Büyüme hormonu elbette bedende sadece elleri, ayakları ve yüzü etkilemiyor. Başta kalp kası olmak üzere iç organlarda da büyüme başlıyor ve tanı geciktiğinde hastaların yüzde 90’ında diyabet ve kalp ve damar hastalıkları baş gösteriyor. Tedavi olunmadığı takdirde hastaların yaşam süresi, iç organlara bağlı rahatsızlıklar sebebiyle kısalabiliyor. Bir araştırmaya göre tanı konmayan akromegali vakalarında yaşam süresi 10 yıl kadar azalabiliyor. Hastaların çoğunda kalp yetmezliği ve yüksek tansiyon görülüyor. Diğer taraftan akromegali hastalarında tiroid, kolon ve meme kanseri gibi bazı tür kanserlerin görülme sıklığı artıyor.
Tanıdan Sonra Tedavisi Çok Kolay


Kanser, diyabet, kalp ve damar hastalıklarına kadar pek çok sağlık problemine yol açan bu hastalığın tedavisi ise aslında çok kolay. Akromegali tedavisinde cerrahi tedavi (ameliyat), ilaç tedavisi veya ışın tedavisi (radyoterapi) kullanılıyor. Cerrahi tedaviden sonra hastalık halen devam ediyorsa, ilaç tedavisi uygulanıyor. Bazı hastalıklara bu iki tedaviye ilave olarak radyoterapi uygulanabiliyor.
Akromegali Hakkında


Hastaların %98’inde Akromegali’nin nedeni büyüme hormunu salgılayan ve hipofiz bezinin ön bölümünde yer alan hipofiz adenomları yani iyi huylu tümörlerdir. Adenomun oluşturduğu bası semptomları baş ağrısına, görmede azalmaya ve kafa sinirlerinde felçlere neden olabilir. Büyük adenomların oluşturduğu lokal baskı, diğer hipofiz hormonların salgılanmasında azalmaya yol açarak hormon eksikliği oluşturur.
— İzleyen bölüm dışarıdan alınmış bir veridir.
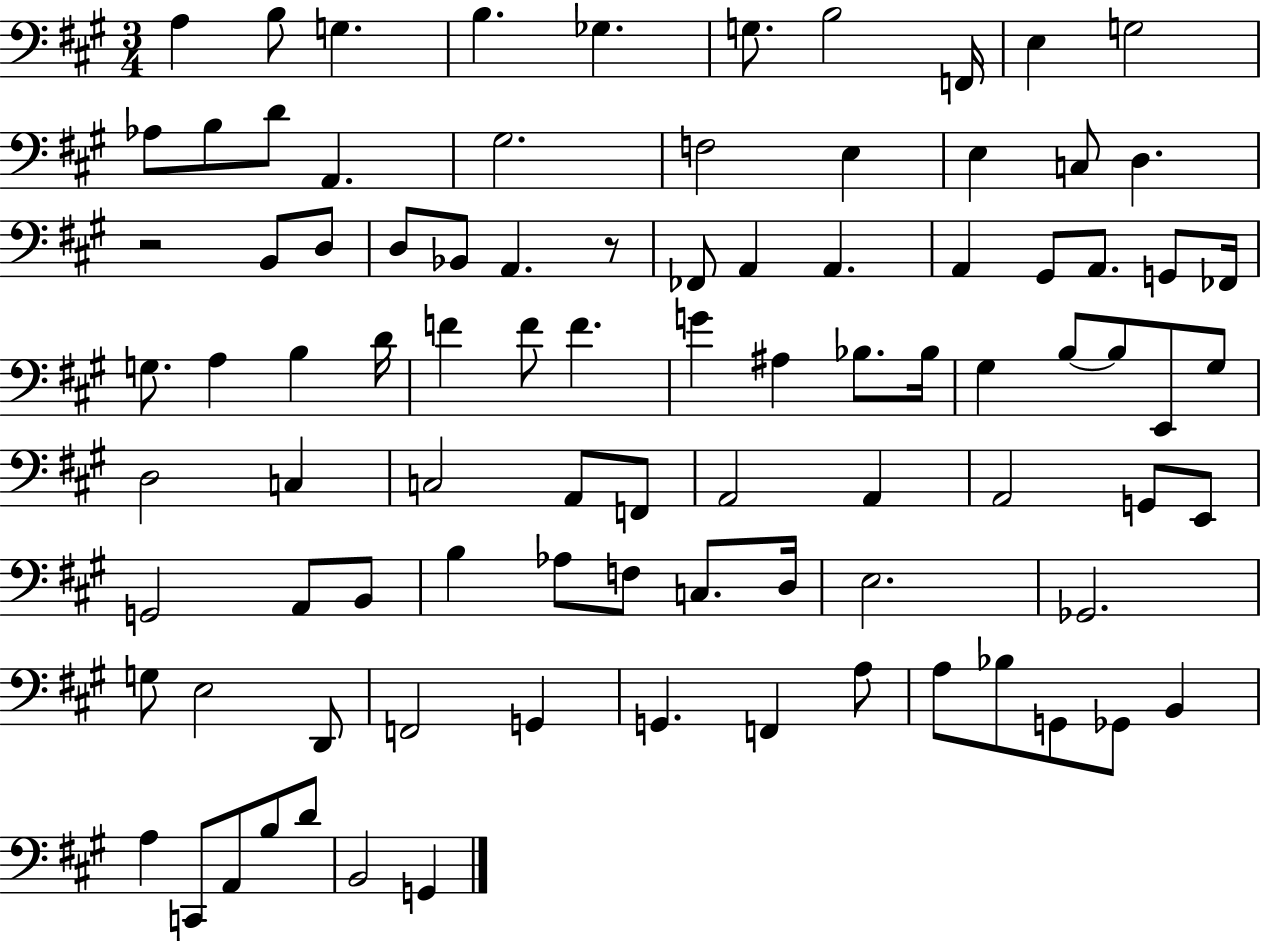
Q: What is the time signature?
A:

El ve ayaktaki büyüme ile yumuşak doku şişliği, ayakkabı ve yüzük numarasında artışa neden olur. Burunda ve dilde büyüme ile birlikte çenenin öne doğru çıkması ve alın kemiklerindeki büyüme, yüzde kabalaşmaya yol açar. Akromegalik hastaların %60-70’inde eklem ağrıları görülür. Karpal Tünel Sendromu, Akromegalik hastaların %20-30’unda görülür. Aşırı terleme, ciltte yağlanma, kalınlaşma akromegalinin cilt bulgularını oluşturur.
Akromegalide birçok belirti ve bulgu olabilir, ancak hastaların çoğunda sadece birkaçı da olabilir. Yumuşak doku şişliği, Karpal Tünel Sendromu, kas güçsüzlüğü, sinüs ödemi, adet bozuklukları ve galaktore (gögüsten süt gelmesi) ile cinsel fonksiyon bozuklukları da bu hastalığın belirtileri arasındadır.
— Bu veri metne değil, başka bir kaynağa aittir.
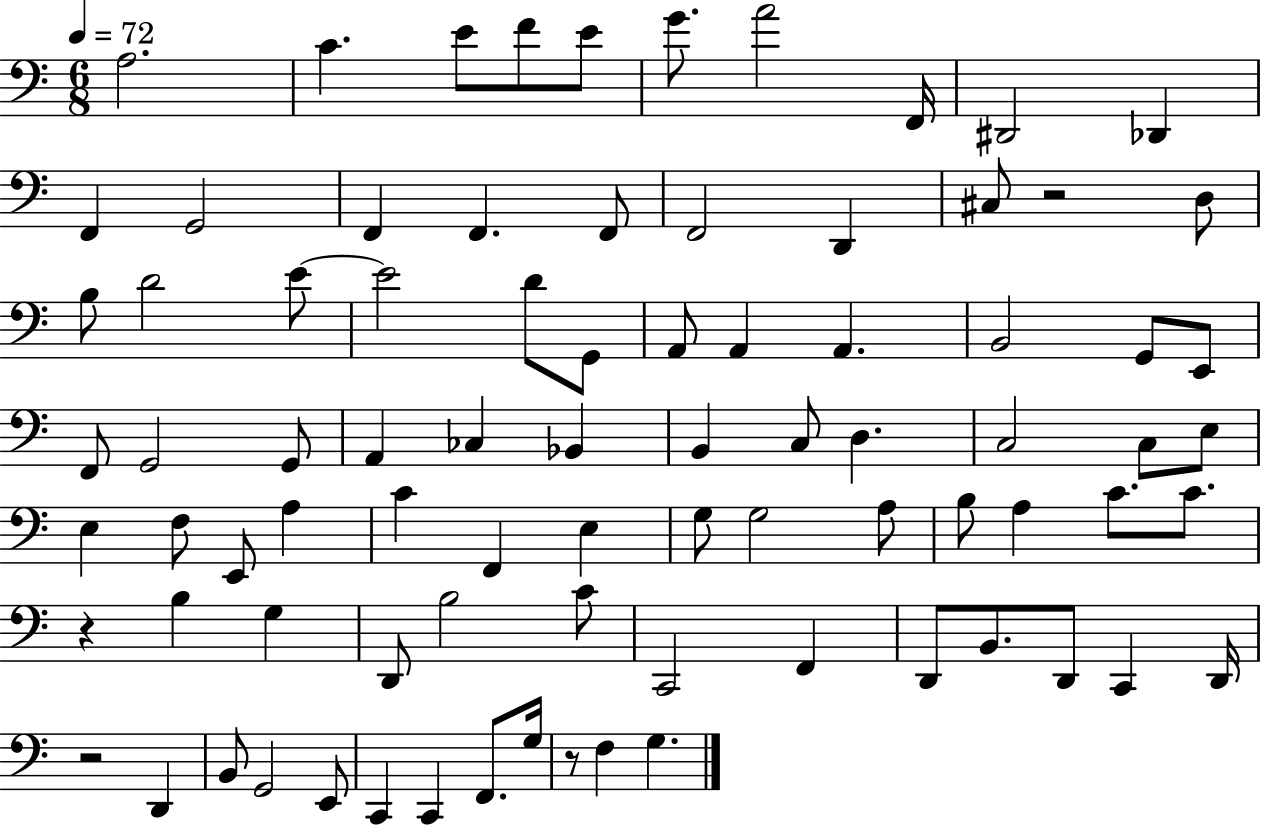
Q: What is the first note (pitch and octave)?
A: A3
Akromegalik hastalarda, cerrahi tedavi (ameliyat), ilaç tedavisi ve ışın tedavisi uygulanır. Ameliyatlar için deneyimli merkezlerin seçilmesi ve ameliyattan sonra hastaların büyük çoğunluğuna ilaç tedavisi uygulanması gerekmektedir. Akromegalik hastalarda, tedavi ile büyüme hormonu kontrol altına alındığında ölüm oranları azalmaktadır. Hastalığın tanı ve tedavi süreci ve cerrahi sonrası endokrinoloji uzmanları tarafından takip edilir.